* **Requirement**: Reproduce word for word the lines between those holding "When Irving was" and "For further questions, please", inclusive, and nothing else from the data below.
[Opening Data to use section]
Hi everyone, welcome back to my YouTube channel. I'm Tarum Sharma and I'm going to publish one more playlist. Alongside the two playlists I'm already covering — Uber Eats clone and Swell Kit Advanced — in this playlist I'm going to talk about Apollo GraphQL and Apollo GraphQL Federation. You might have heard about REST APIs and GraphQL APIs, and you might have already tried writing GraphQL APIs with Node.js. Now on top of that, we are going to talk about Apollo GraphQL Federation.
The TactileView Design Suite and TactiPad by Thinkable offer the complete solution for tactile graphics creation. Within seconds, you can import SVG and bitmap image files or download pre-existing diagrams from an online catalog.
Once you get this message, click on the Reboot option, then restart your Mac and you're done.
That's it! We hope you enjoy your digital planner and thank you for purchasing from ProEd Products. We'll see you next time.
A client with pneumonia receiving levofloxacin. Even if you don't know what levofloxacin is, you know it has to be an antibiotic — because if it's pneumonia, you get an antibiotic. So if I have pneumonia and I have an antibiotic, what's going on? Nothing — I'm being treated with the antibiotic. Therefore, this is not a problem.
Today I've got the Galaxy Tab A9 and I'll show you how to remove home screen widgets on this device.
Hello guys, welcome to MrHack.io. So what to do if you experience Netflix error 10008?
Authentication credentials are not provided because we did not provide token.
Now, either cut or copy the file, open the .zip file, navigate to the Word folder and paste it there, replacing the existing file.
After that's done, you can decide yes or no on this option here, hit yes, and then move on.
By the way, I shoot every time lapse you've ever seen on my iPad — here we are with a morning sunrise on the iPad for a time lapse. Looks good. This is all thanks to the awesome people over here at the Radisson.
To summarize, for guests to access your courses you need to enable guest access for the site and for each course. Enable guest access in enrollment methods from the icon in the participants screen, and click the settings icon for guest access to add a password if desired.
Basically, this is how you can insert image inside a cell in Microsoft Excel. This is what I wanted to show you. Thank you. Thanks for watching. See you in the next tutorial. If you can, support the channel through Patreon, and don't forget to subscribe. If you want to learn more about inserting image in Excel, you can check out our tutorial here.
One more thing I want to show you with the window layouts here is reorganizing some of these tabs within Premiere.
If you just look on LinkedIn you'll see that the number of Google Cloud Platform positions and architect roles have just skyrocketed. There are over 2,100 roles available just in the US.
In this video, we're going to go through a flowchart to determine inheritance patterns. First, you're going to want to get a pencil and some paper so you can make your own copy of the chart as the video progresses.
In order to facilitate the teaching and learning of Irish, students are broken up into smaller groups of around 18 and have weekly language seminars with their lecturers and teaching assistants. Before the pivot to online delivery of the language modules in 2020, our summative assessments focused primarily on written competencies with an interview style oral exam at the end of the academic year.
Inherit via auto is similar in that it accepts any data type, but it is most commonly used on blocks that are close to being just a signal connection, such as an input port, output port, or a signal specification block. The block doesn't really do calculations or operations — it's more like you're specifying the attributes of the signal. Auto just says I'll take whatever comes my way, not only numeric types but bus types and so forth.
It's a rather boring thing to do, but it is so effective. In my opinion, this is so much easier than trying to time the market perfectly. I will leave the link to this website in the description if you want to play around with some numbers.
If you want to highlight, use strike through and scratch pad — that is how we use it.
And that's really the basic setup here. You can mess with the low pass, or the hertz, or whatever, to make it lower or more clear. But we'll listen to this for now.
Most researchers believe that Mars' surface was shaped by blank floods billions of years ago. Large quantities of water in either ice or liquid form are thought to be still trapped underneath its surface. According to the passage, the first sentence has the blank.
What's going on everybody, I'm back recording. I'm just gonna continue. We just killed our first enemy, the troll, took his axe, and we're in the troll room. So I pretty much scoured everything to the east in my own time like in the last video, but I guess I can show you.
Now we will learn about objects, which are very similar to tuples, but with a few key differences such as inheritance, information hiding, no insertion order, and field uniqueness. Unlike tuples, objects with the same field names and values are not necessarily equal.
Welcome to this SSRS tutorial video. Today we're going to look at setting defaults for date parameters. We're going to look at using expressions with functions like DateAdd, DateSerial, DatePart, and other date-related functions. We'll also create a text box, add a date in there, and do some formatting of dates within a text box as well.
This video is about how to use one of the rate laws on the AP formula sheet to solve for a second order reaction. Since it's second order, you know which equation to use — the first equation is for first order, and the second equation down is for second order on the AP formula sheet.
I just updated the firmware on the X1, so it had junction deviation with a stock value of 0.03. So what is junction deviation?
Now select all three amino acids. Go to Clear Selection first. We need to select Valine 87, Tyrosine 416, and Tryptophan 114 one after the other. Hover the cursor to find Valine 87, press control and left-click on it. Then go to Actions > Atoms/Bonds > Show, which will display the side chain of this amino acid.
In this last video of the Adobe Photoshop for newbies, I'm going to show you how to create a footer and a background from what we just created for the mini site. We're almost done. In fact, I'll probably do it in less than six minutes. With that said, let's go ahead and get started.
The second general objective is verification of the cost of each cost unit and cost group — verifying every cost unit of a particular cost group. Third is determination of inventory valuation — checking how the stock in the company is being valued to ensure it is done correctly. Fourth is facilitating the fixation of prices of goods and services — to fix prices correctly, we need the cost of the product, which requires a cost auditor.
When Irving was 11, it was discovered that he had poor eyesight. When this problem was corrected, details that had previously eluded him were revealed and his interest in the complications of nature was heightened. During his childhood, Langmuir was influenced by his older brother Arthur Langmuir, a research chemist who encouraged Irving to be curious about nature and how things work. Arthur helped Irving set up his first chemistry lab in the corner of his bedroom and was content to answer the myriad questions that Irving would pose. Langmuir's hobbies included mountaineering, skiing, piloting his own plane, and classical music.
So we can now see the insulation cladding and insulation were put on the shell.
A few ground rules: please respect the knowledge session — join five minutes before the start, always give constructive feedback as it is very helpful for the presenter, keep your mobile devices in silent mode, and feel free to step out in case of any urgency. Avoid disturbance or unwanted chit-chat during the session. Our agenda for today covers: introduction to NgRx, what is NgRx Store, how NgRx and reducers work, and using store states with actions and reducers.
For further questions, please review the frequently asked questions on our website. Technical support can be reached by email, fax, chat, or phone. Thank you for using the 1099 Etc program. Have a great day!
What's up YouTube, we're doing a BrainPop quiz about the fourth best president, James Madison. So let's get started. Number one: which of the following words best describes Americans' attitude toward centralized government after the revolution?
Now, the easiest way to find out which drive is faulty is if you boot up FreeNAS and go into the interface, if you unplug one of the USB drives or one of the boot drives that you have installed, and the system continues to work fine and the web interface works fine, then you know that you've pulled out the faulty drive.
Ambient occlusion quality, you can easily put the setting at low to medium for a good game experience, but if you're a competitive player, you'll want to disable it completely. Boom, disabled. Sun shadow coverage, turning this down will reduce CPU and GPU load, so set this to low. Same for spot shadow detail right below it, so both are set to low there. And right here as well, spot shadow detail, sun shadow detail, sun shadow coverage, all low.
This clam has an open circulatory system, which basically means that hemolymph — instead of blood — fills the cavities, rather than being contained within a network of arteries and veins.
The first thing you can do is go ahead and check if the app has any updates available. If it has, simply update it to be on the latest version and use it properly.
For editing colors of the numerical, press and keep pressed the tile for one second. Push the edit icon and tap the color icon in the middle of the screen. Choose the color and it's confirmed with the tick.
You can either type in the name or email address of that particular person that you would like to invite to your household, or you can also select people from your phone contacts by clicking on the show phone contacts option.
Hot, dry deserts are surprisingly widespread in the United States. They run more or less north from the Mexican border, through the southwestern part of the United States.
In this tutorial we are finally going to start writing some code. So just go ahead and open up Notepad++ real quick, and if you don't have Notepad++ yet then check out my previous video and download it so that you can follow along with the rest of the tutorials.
[Closing Data to use section]
* **Response area**:
When Irving was 11, it was discovered that he had poor eyesight. When this problem was corrected, details that had previously eluded him were revealed and his interest in the complications of nature was heightened. During his childhood, Langmuir was influenced by his older brother Arthur Langmuir, a research chemist who encouraged Irving to be curious about nature and how things work. Arthur helped Irving set up his first chemistry lab in the corner of his bedroom and was content to answer the myriad questions that Irving would pose. Langmuir's hobbies included mountaineering, skiing, piloting his own plane, and classical music.
So we can now see the insulation cladding and insulation were put on the shell.
A few ground rules: please respect the knowledge session — join five minutes before the start, always give constructive feedback as it is very helpful for the presenter, keep your mobile devices in silent mode, and feel free to step out in case of any urgency. Avoid disturbance or unwanted chit-chat during the session. Our agenda for today covers: introduction to NgRx, what is NgRx Store, how NgRx and reducers work, and using store states with actions and reducers.
For further questions, please review the frequently asked questions on our website. Technical support can be reached by email, fax, chat, or phone. Thank you for using the 1099 Etc program. Have a great day!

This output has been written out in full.